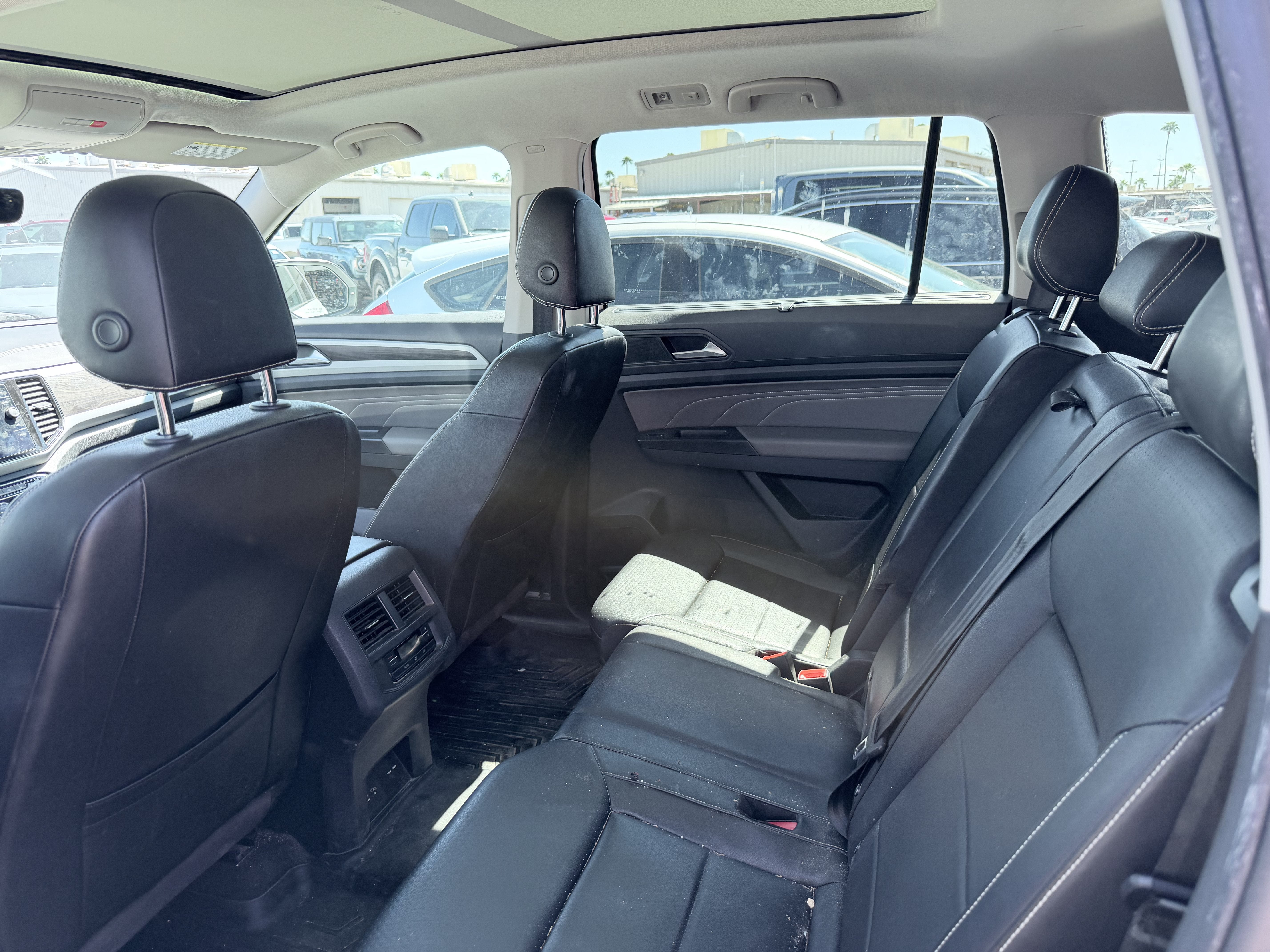 2022 Volkswagen Atlas 3.6L V6 SE w/Technology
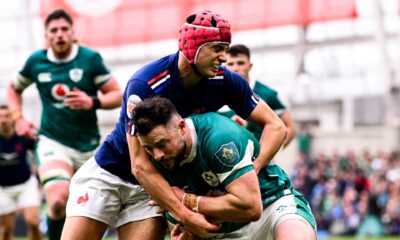 Le XV de France frappe fort en Irlande et s'empare de la tête du Tournoi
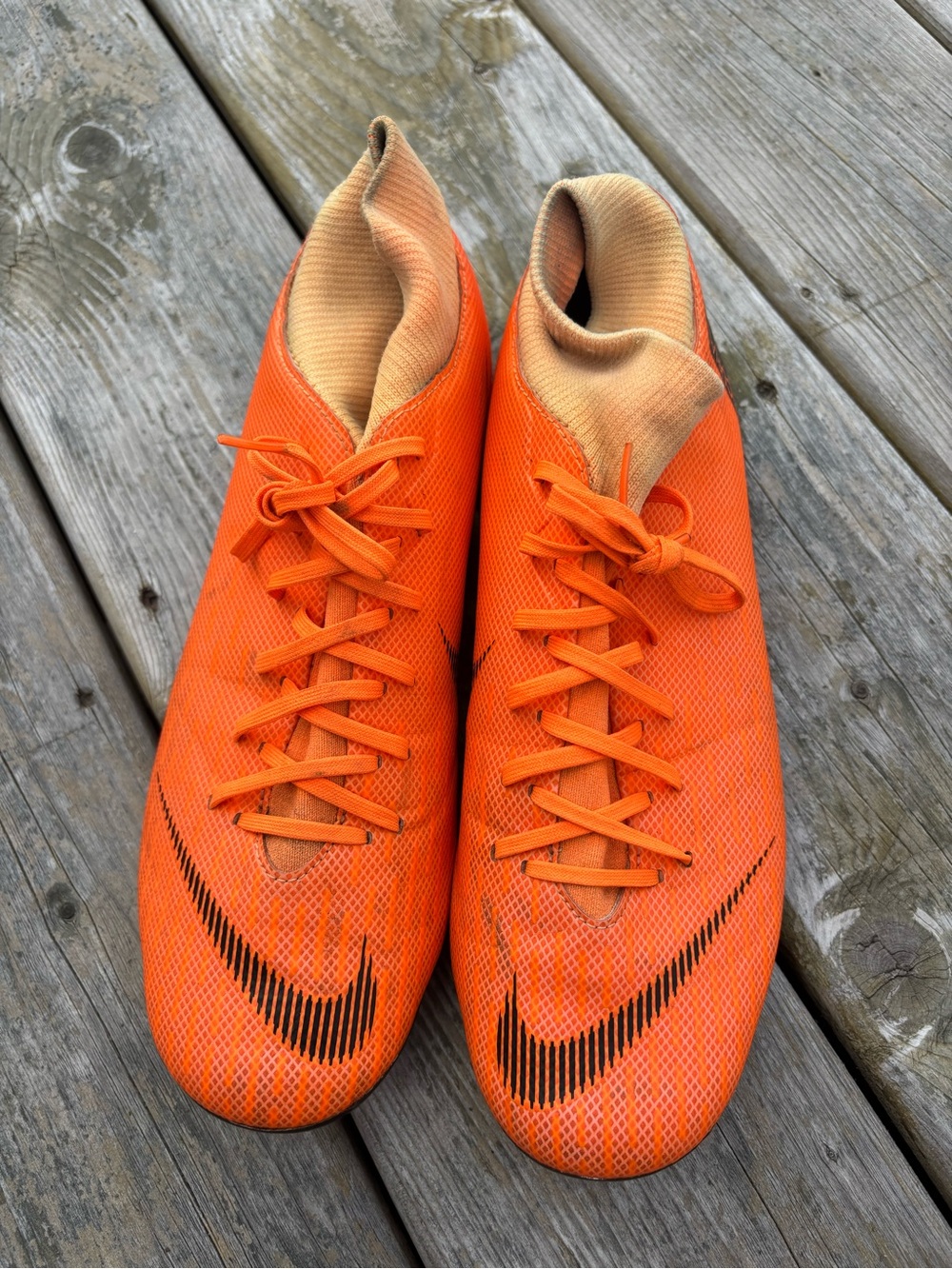 Unisex Nike Boot Soccer Cleats size 9 women’s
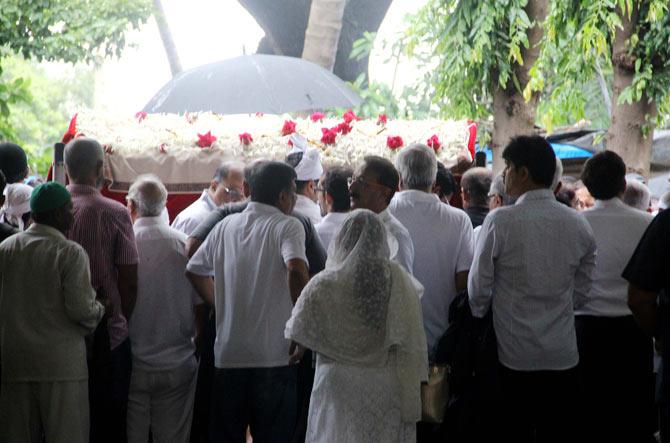 Celebrities and other famous personalities pay their last respects to Kaykasshan Patel's husband Areef Patel 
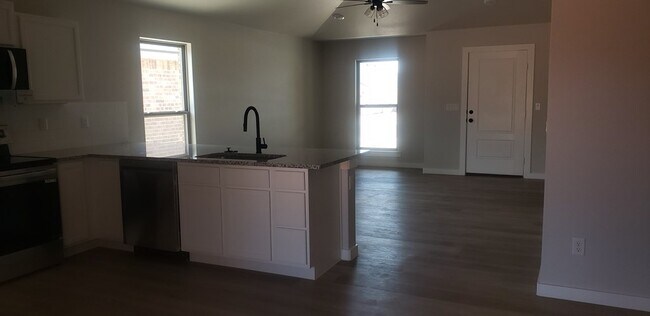 Foto del edificio - 331 Trailblazer Ln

+===+

▸ **Problem requirements**: Omit every picture, then repeat the remaining data exactly as it appears above.

▸ **Answer box**:
 2022 Volkswagen Atlas 3.6L V6 SE w/Technology
 Le XV de France frappe fort en Irlande et s'empare de la tête du Tournoi
 Unisex Nike Boot Soccer Cleats size 9 women’s
 Celebrities and other famous personalities pay their last respects to Kaykasshan Patel's husband Areef Patel 
 Foto del edificio - 331 Trailblazer Ln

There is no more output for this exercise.